WHAT YOU SHOULD DO |
From the line containing "Aerial view of" through the last line of the entries, output the text exactly. Pictures stay out.

DATA EXTRACT below:

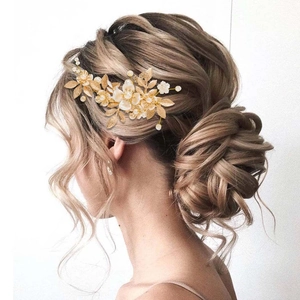 Bijou de tête de mariée avec feuilles dorées et perles sur une coiffure sophistiquée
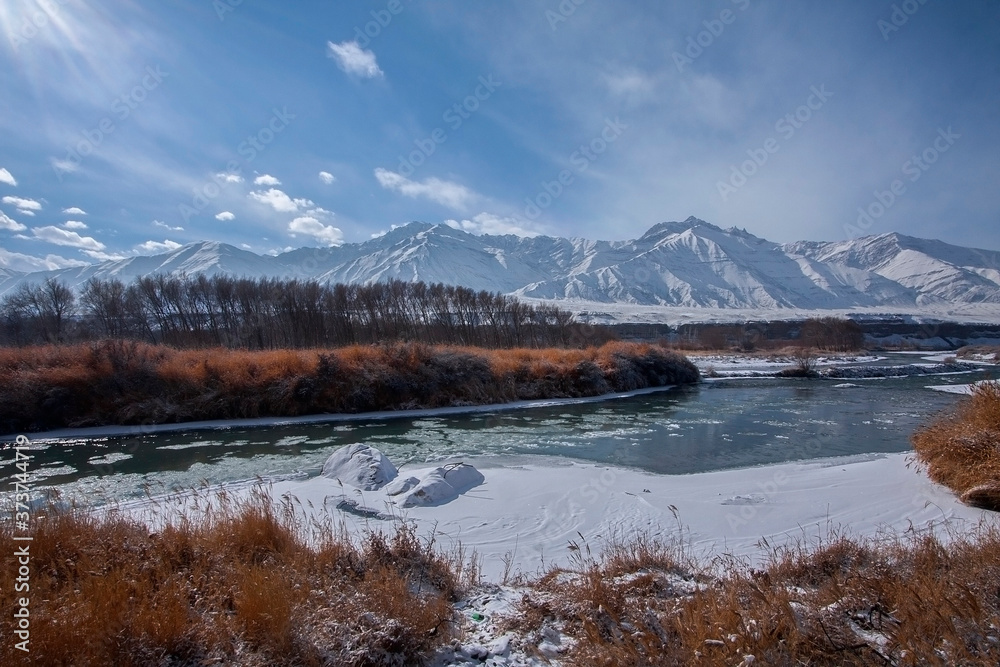 High altitude winter landscape with snow peaks and frozen river in Leh Ladakh in India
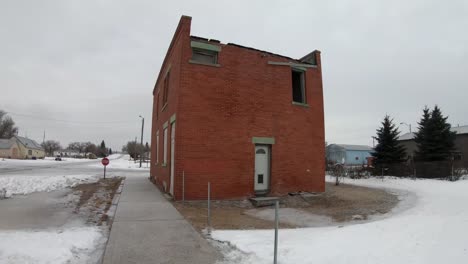 un viejo edificio de ladrillo abandonado en un pequeño pueblo durante el invierno cerca de alberta, canadá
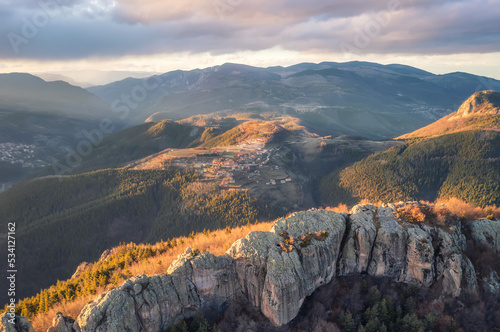 Aerial view of Rhodope Mountains with the rocks of Thracian sanctuary Belintash, Bulgaria photo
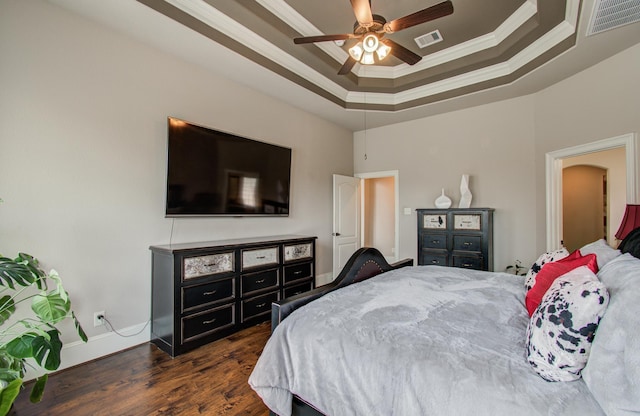 bedroom featuring visible vents, baseboards, ornamental molding, a raised ceiling, and dark wood-style flooring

End of DATA EXTRACT.

TASK OUTPUT |
 Aerial view of Rhodope Mountains with the rocks of Thracian sanctuary Belintash, Bulgaria photo
 bedroom featuring visible vents, baseboards, ornamental molding, a raised ceiling, and dark wood-style flooring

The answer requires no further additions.